Wat is uw reactie op de zorgen van belangenorganisaties en patiëntenverenigingen dat het maken van winst ten koste kan gaan van de kwaliteit van de zorg? Welke maatregelen gaat u nemen om te waarborgen dat de kwaliteit behouden blijft?

Antwoord 3.
Uit wetenschappelijk onderzoek blijkt dat de eigendomsvorm of ondernemingsstructuur niet van doorslaggevend belang is voor de kwaliteit van een ziekenhuis. Om te waarborgen dat kwaliteit behouden blijft, is vooral transparantie van kwaliteit belangrijk. Door de zorginstellingen wordt momenteel hard gewerkt aan transparantie in de zorg.
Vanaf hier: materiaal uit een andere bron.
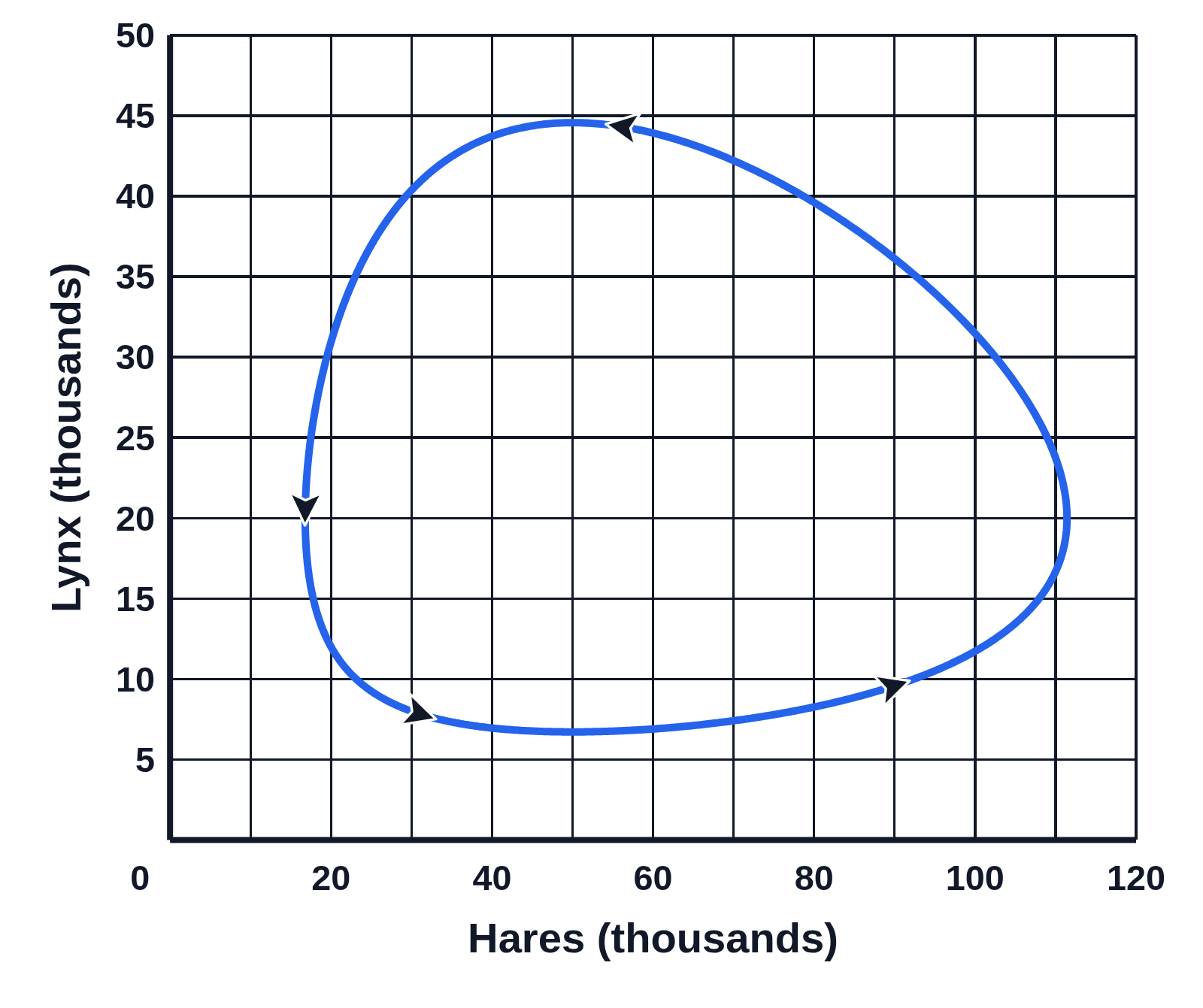 Phase plane graph with hares (thousands) on the x-axis and lynx (thousands) on the y-axis: a closed blue loop with four arrows going round it counterclockwise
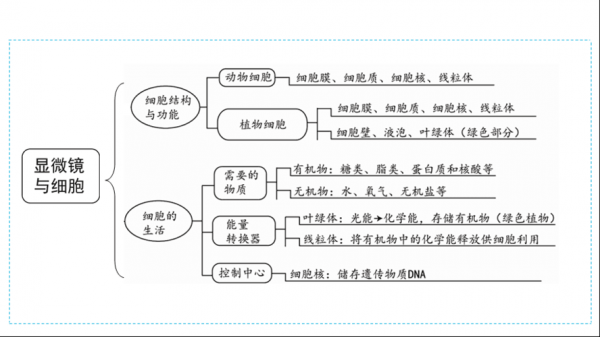 生物的结构层次的思维导图 生物的结构层次ppt模板-第1张图片-马瑞范文网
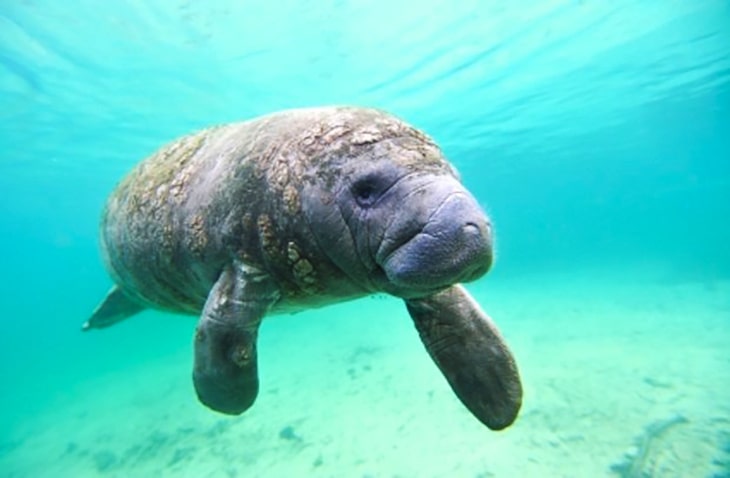 Cheap-Affordable-Volunteer-Programs-Fronteering volunteer for wildlife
Daarnaast houdt de Inspectie Gezondheidszorg toezicht op de manier waarop de zorg is georganiseerd en op de veiligheid en kwaliteit van de geleverde zorg.

Vraag 4.
Hoe reëel is de vrees van de heer Maarse, hoogleraar gezondheidswetenschappen, dat op aandringen van aandeelhouders `enkele nog simpele, snelle ingrepen worden uitgevoerd waar een ziekenhuis genoeg aan verdient en complexe behandelingen worden uitbesteed of niet meer worden aangeboden?` 2) Welke maatregelen bent u van plan te nemen om dit te voorkomen?

Antwoord 4.
Ik acht de vrees van de heer Maarse, zoals door u is weergegeven, op dit moment voorbarig. Het voeren van een winstoogmerk door medisch-specialistische instellingen, zoals ziekenhuizen, is momenteel niet toegestaan. Dat betekent dat een ziekenhuis alleen een ondernemingsstructuur zonder winstoogmerk kan kiezen. Ook voorzover een ziekenhuis aandelenkapitaal wil aantrekken, geldt deze eis. Ik handhaaf het naleven van de Wet toelating zorginstellingen (WTZi). Zonodig kan ik een toelating weigeren of intrekken. Tevens is relevant dat ik op grond van de WTZi aan de toelating een algemeen voorschrift heb verbonden, dat ziet op het behoud van waarde van onroerende zaken voor de zorg. Het College sanering zorginstellingen houdt toezicht indien een ziekenhuis voornemens heeft om de ondernemingsstructuur zodanig te wijzigen dat het gevolgen heeft voor de eigendom van onroerende zaken. Bovendien leidt de introductie van DBC's tot kostendekkende tarieven, zodat daarin geen reden ligt om zorg niet aan te bieden. Gelet op het bovenstaande zie ik geen aanleiding tot het treffen van aanvullende maatregelen.

Vraag 5.
Wanneer kan de Kamer uw brief over winst in de zorg verwachten? 3)

Antwoord 5.
In het AO op 11 oktober 2007 over de brief "Met zorg ondernemen" heb ik een brief over maatschappelijk ondernemen en winstuitkering aangekondigd. Ik heb aangegeven bij voorkeur te willen aansluiten bij de totstandkoming van de Maatschappelijke Onderneming. Ik kan u nog geen concrete termijn noemen, wel dat naar verwachting een brief over maatschappelijk ondernemen in de zorg volgt op een wetsvoorstel voor de Maatschappelijke Onderneming.

Vraag 6.
In hoeverre zijn andere ziekenhuizen ook bezig met dergelijke plannen? Kunt u de Kamer daarover berichten voor het volgende overleg over ziekenhuiszorg?

Antwoord 6.
Het is mij bekend dat meerdere zorgaanbieders geïnteresseerd zijn in de mogelijkheden om privaat kapitaal aan te trekken en zich oriënteren op mogelijkheden. Net als u, verneem ik uit de media dat er meerdere ziekenhuizen zijn die plannen hebben. Sommige ziekenhuizen hebben voornemens, anderen hebben meer concrete plannen. Sommigen melden zich bij mijn departement. Voor een inhoudelijke beoordeling van alle individuele plannen en voornemens acht ik het nog te vroeg. Zoals ik in mijn antwoorden heb aangegeven, is het huidige wettelijke kader leidend. Dit staat ziekenhuizen geen winstoogmerk toe. In mijn beantwoording van de vragen over ziekenhuizen die winst gaan uitkeren aan investeerders van de Kamerleden Kant en Van Gerven (2070801180) heb ik aangegeven dat ik de Tweede Kamer uiteraard betrek bij ontwikkelingen en standpunten met betrekking tot winstuitkering in de zorg.